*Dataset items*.

((

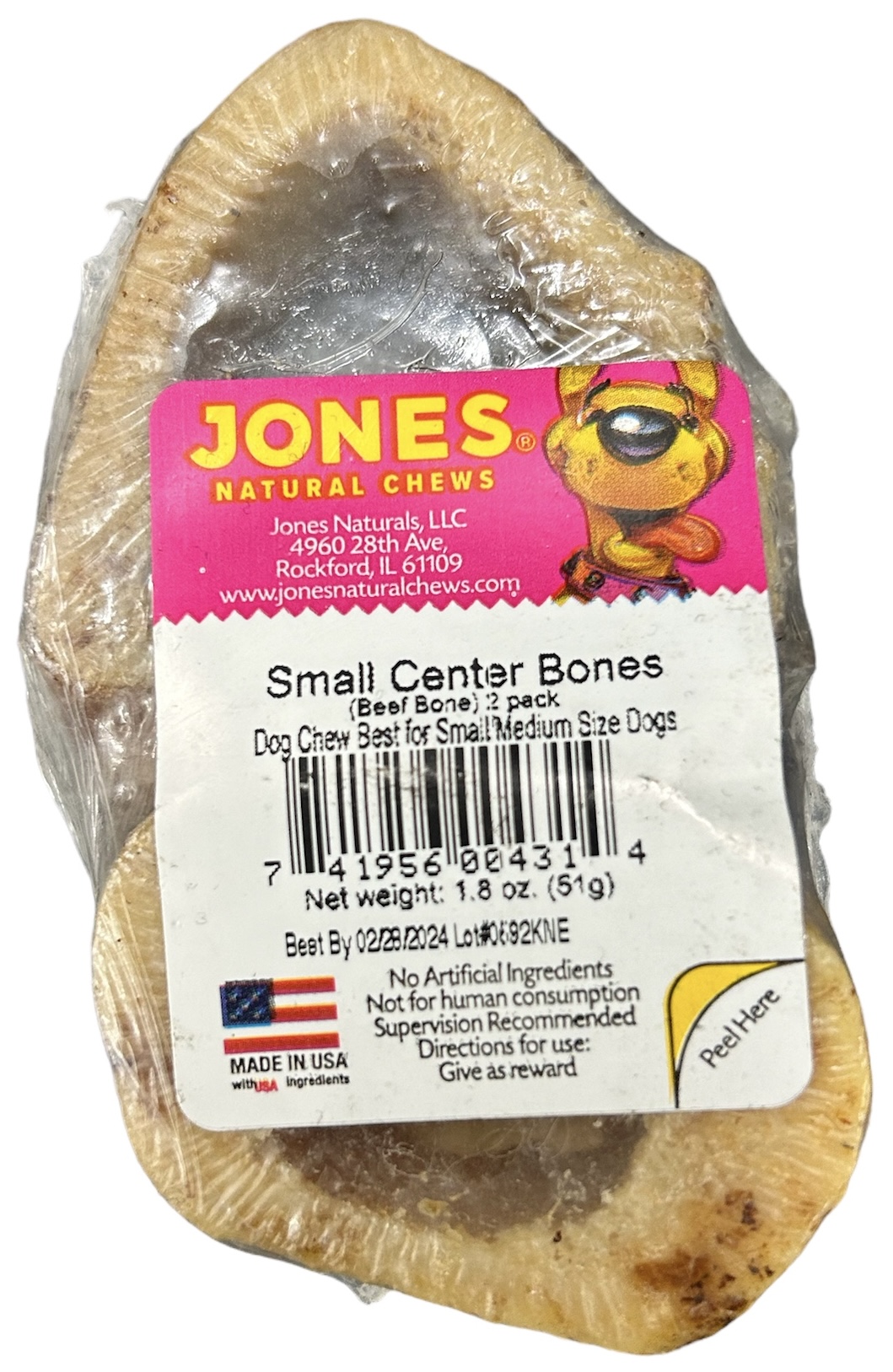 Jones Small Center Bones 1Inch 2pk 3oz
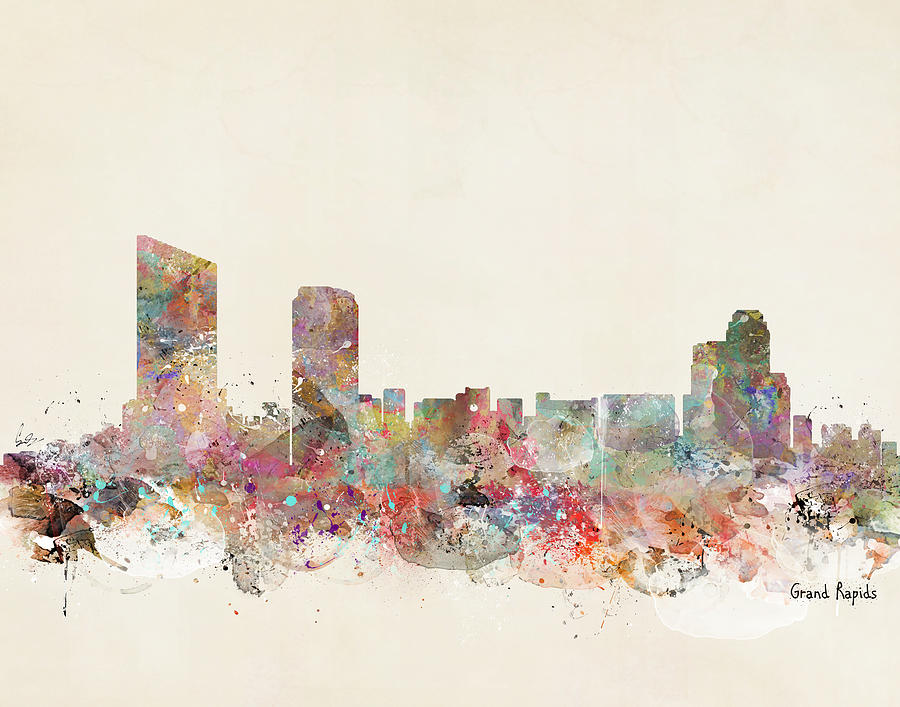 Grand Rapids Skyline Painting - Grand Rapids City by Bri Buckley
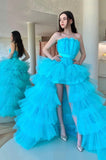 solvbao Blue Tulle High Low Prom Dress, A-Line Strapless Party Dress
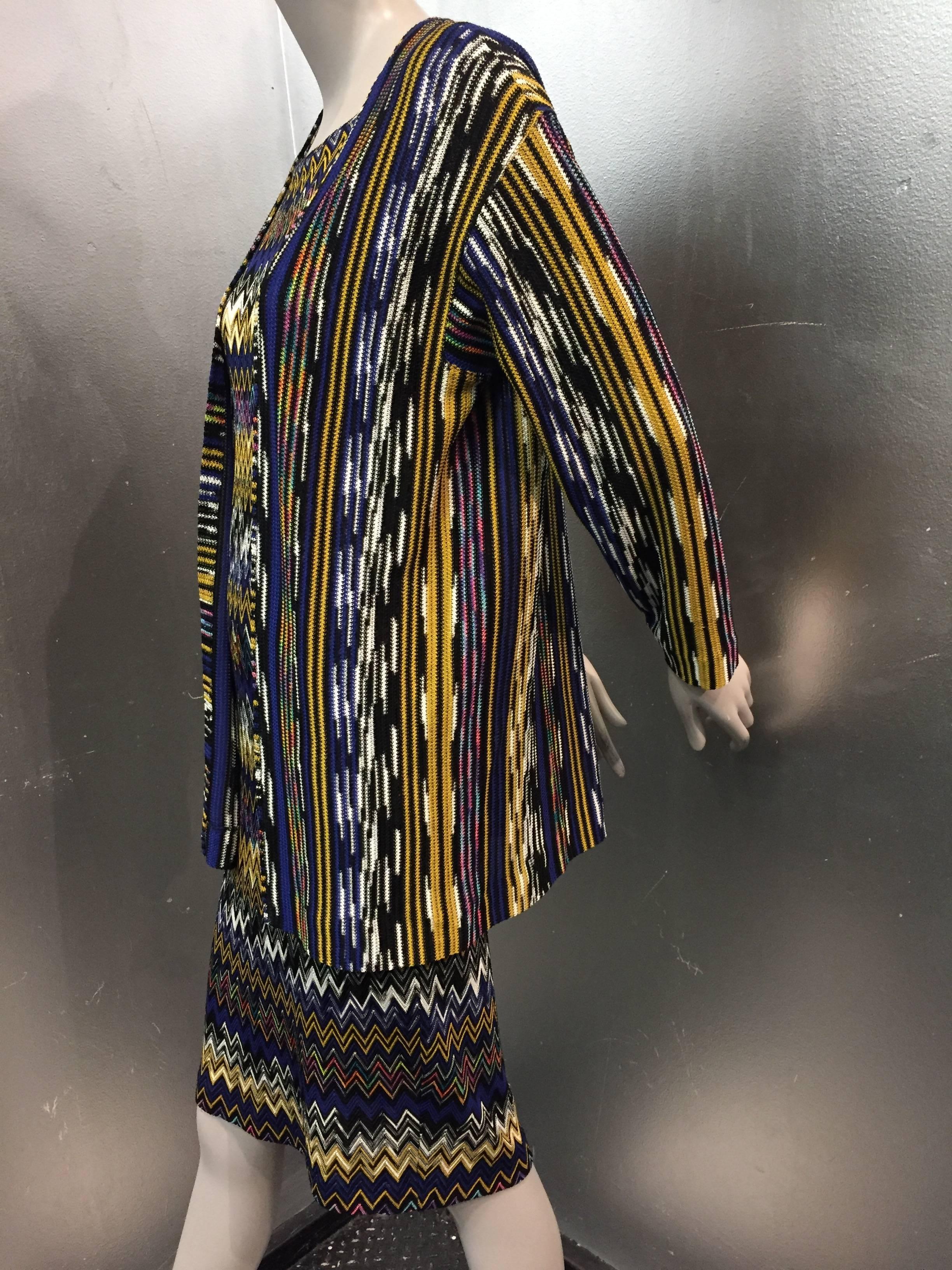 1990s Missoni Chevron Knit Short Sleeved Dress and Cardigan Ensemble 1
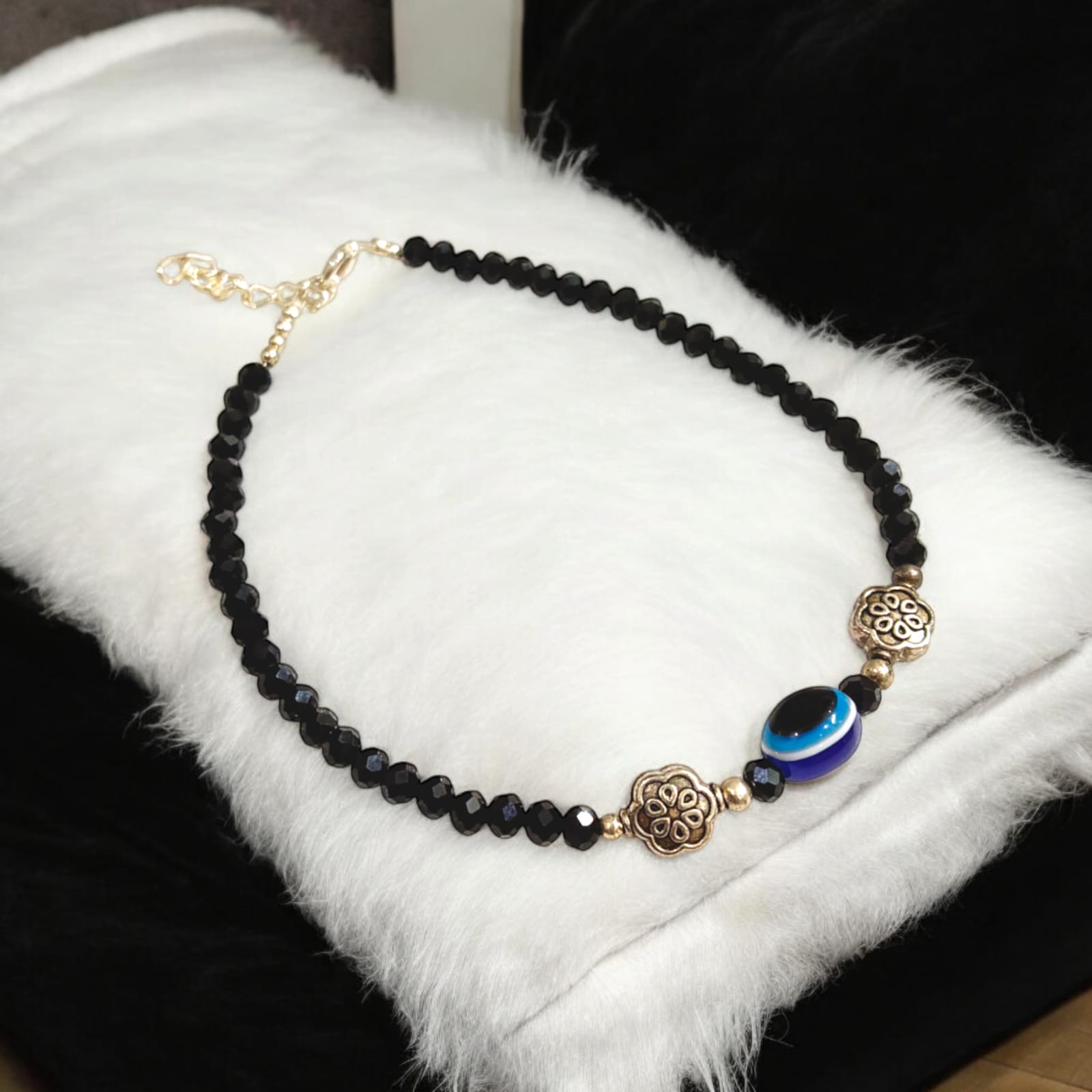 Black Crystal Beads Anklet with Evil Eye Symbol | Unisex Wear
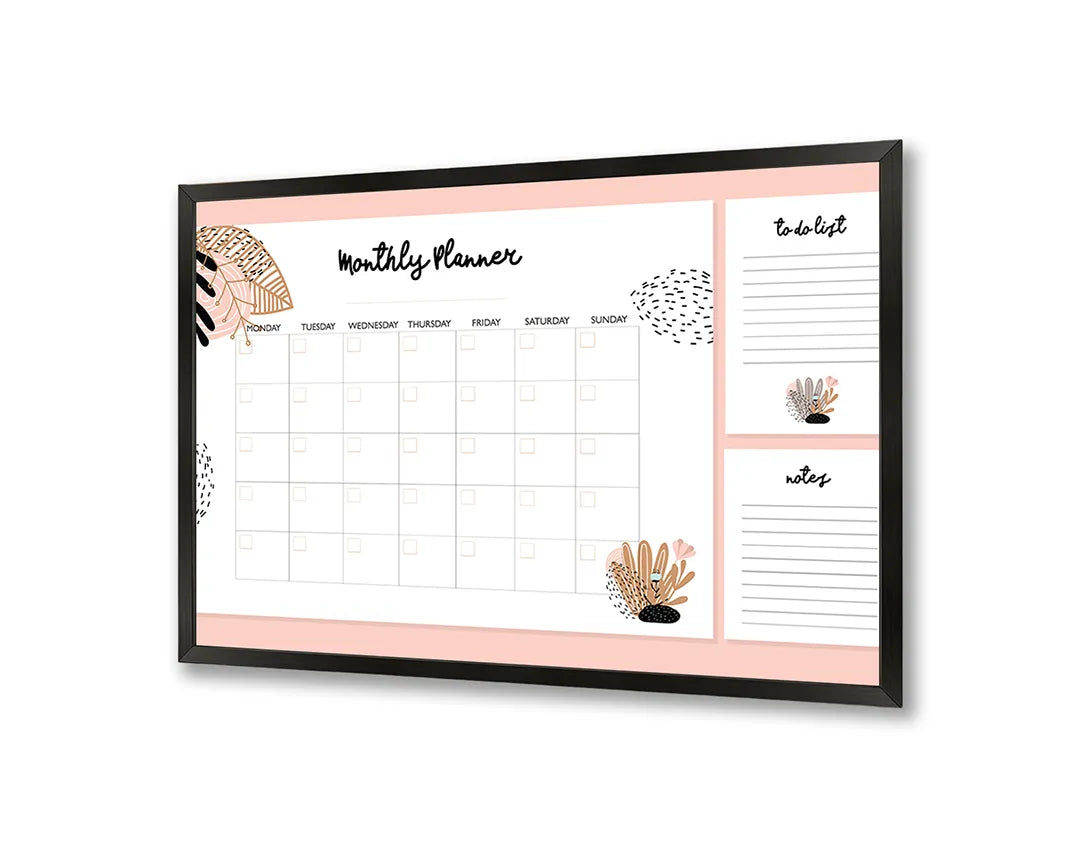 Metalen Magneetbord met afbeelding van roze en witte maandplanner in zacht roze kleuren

))

*EXERCISE INSTRUCTIONS*.
Only what runs from the line containing "Grand Rapids Skyline" through the end of the entries above should be extracted, exactly and without pictures.

*PROBLEM SOLUTION*.
 Grand Rapids Skyline Painting - Grand Rapids City by Bri Buckley
 solvbao Blue Tulle High Low Prom Dress, A-Line Strapless Party Dress
 1990s Missoni Chevron Knit Short Sleeved Dress and Cardigan Ensemble 1
 Black Crystal Beads Anklet with Evil Eye Symbol | Unisex Wear
 Metalen Magneetbord met afbeelding van roze en witte maandplanner in zacht roze kleuren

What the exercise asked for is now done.